I recently read an article in the International Journal of Psychological Studies titled, “Drivers of Customers’ Reactions to Service Failures:  The Israeli Experience” authored by Aviv Shoham, Yossi Gavish, and Sigal Segev.  The article touched on three potential outcomes of customer dissatisfaction:  voice (complaining), switching (moving to a different product/supplier), and N-WOM (negative word of mouth or sharing bad impressions with others).  An interesting finding of the study was that the older an individual the more likely he/she were to engage in all three behaviors.  The study also found that each of the three behaviors was a distinct process.

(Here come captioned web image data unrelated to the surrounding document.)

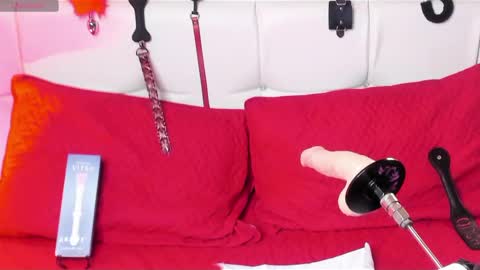 Violet online show from December 5, 5:22 pm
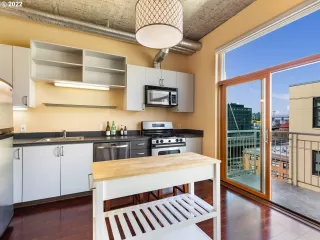 Photo #5: 22643699 Listing 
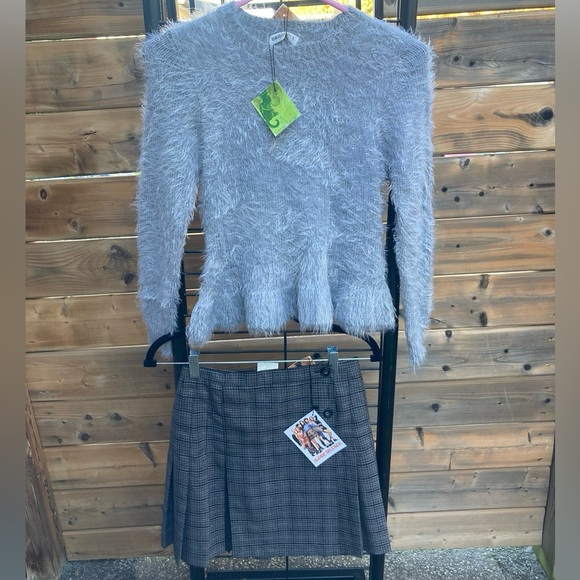 Empire Records Costume - Blue Faux Mohair Top and Vintage Blue Plaid Kilt - Picture 11 of 12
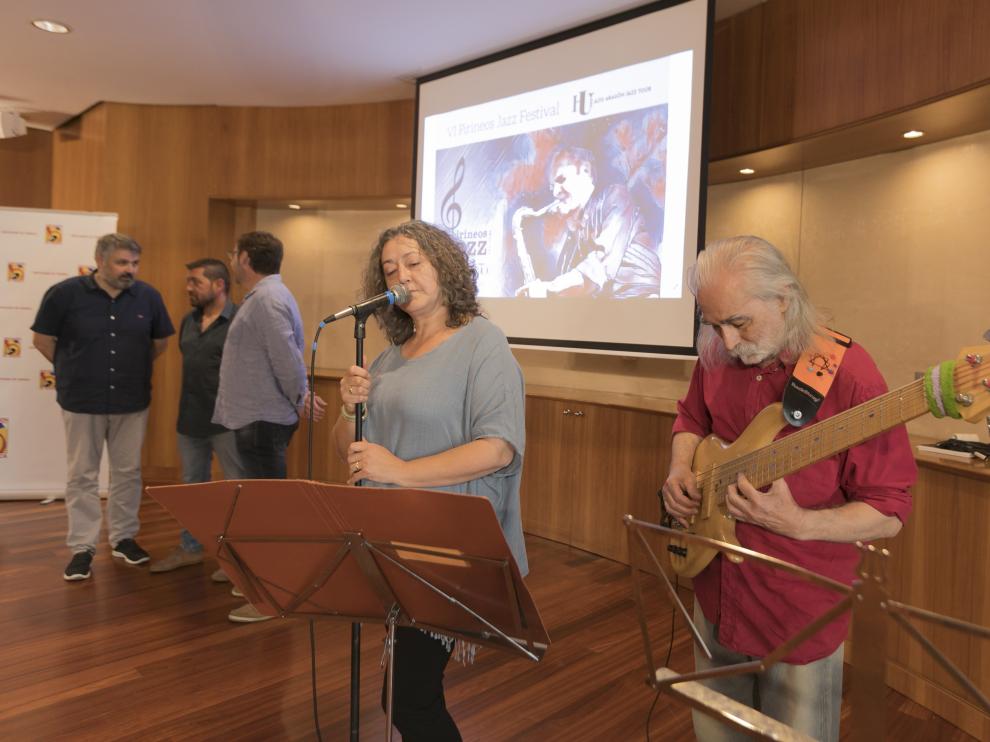 Actuación de jazz en la presentación del festival en la Diputación.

The authors concluded it is important to contain and address dissatisfaction quickly – encouraging customers to come to you directly with complaints prior to spreading ill will or switching to another provider.  This may seem like an intuitive finding, but I think it is one that is important enough to highlight.  In the field of customer listening, we work hard to identify satisfied customers and dissatisfied customers.  Another important piece of the puzzle is providing dissatisfied customers with a complaint process where they feel empowered that their complaints will be heard and change can result.  Companies need to emphasize the benefit of complaining to them directly and first rather than expressing negative word of mouth to the masses.    This may be an area worth evaluating within your customer base.  We often look at timely resolution and effectiveness, but what about a more overall measure of self efficacy – a feeling of empowerment and belief in one’s ability to change the situation as it relates to the outcome of voiding a complaint.